With speed 13.0 kts on course 250, we have a run time of 4h 10m and a distance run of 54.2 nmi.

From Pub 229
for the 1015 sight we have: AP 22 N, 124º 47.1' W,  with a = 16.1' T 097.6º
for the 1425 sight we have: AP 22 N, 125º 18.1' W,  with a = 12.3' T 261.1º

The pub 249 fix at 1425  is at  21º 29.3' N,  125º 25.8' W

The pub 229 fix at 1425 is at  21º 28.9' N,  125º 26.3' W  

We then compute the distance between these two:

And we see that they differ by just 0.6 nmi, which is similar to what we saw in the sight 1 to sight 2 rfix. In this case we can also compare the fixes we got from 1 to 3 with what we got from 2 to 3.

In principle the 2 to 3 would be the better fix in that it is a shorter run so the errors in the DR are less crucial, and also the 1 to 3 sights let the sun get too far west so the intersection angles are not as good: 2 to 3 intersection at 54.7º and 1 to 3 at 16.5º.

2 to 3
Pub 249 fix at 1425  is at 20º 47.4' N,  125º 17.0' W 
Pub 229 fix at 1425  is at 20º 41.5' N,  125º 18.3' W  

1 to 3
The pub 249 fix at 1425 is at  21º 29.3' N,  125º 25.8' W

The pub 229 fix at 1425 is at  21º 28.9' N,  125º 26.3' W  

It is left as an exercise for those who want to study this more to work through the remaining examples using this procedure.

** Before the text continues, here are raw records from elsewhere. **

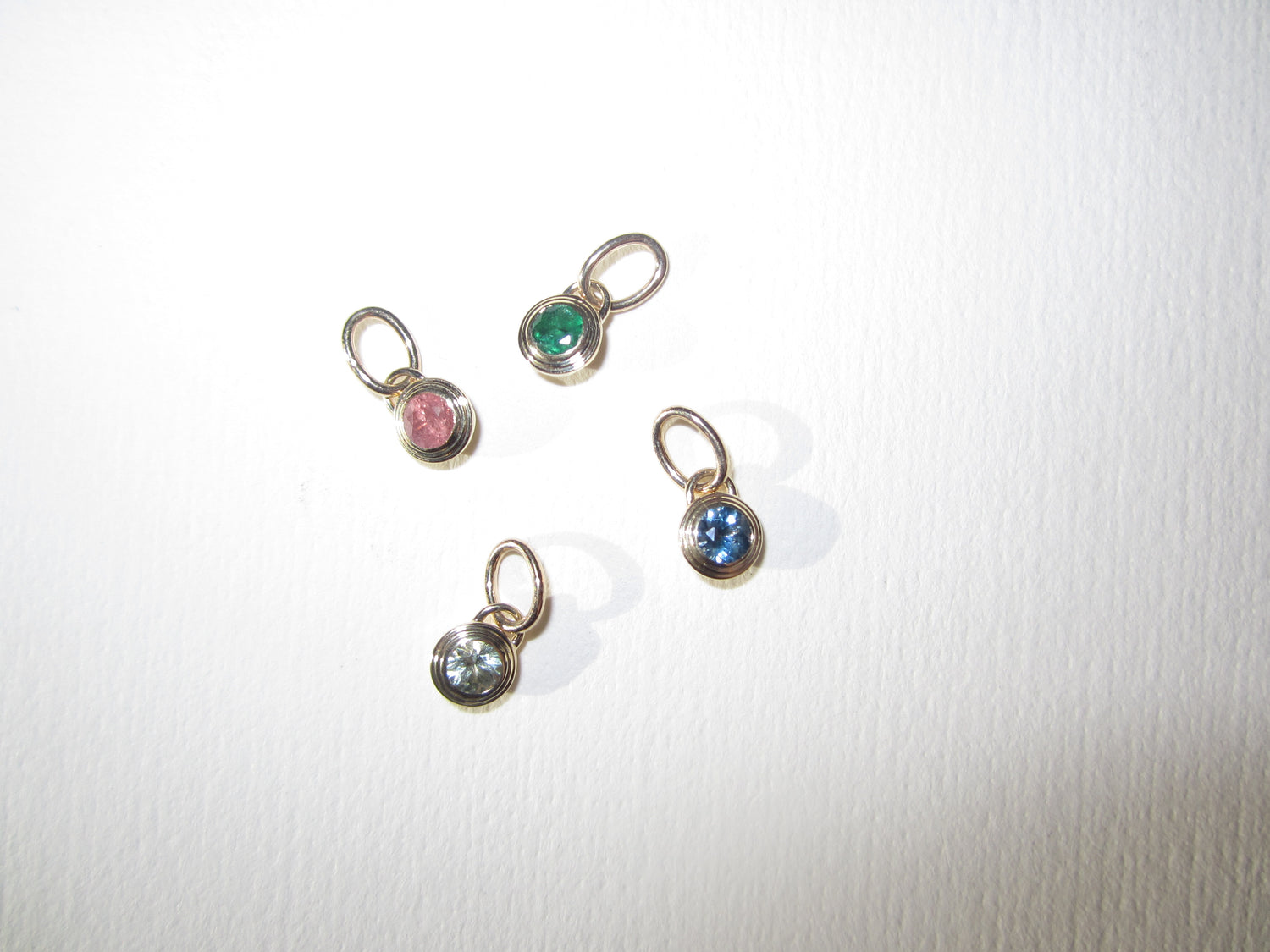 Blue Sapphire Sonder Charm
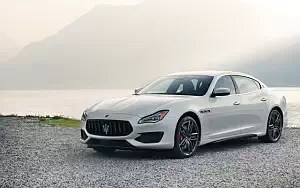 Cars wallpapers Maserati Quattroporte GTS GranSport US-spec - 2018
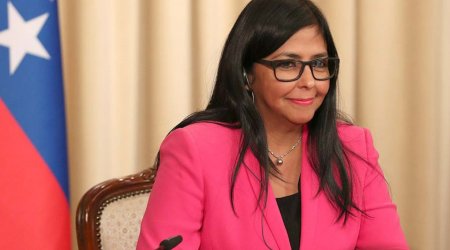 Delcy Rodriguez sworn in as Venezuela&rsquo;s acting president following Maduro&rsquo;s capture
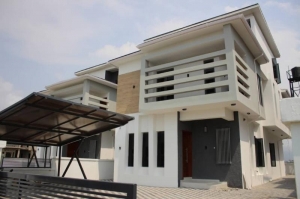 Tastefully Finished Fully Detached 5bedroom Duplex With A Pent House 5 bedroom Detached Duplex for Rent Lekki Lagos Vetra  Property
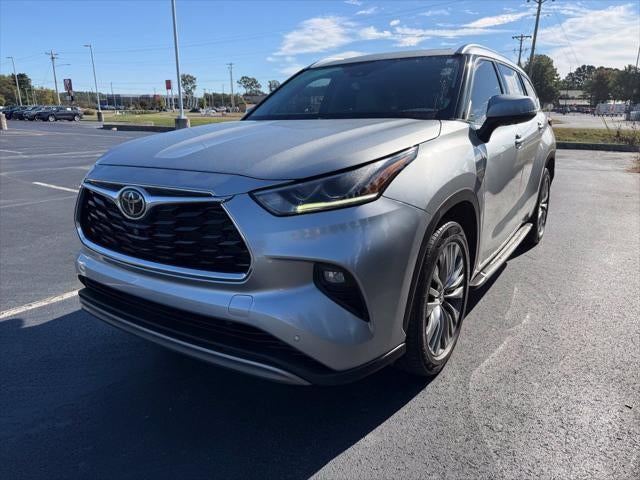 2022 Toyota Highlander Platinum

One way to improve the values of Z for any tables we use is to interpolate Z for the declination minutes. The standard procedure with 249 or 229 always takes Z from the degrees part of the declination, which was 14º in these examples. In all cases, however, the dec minutes were very large, so we would have gotten better results by using 15º dec to find the Z value. In this example it would have got 97 for 249 and 97.4 for 229, making the final fixes a bit closer still.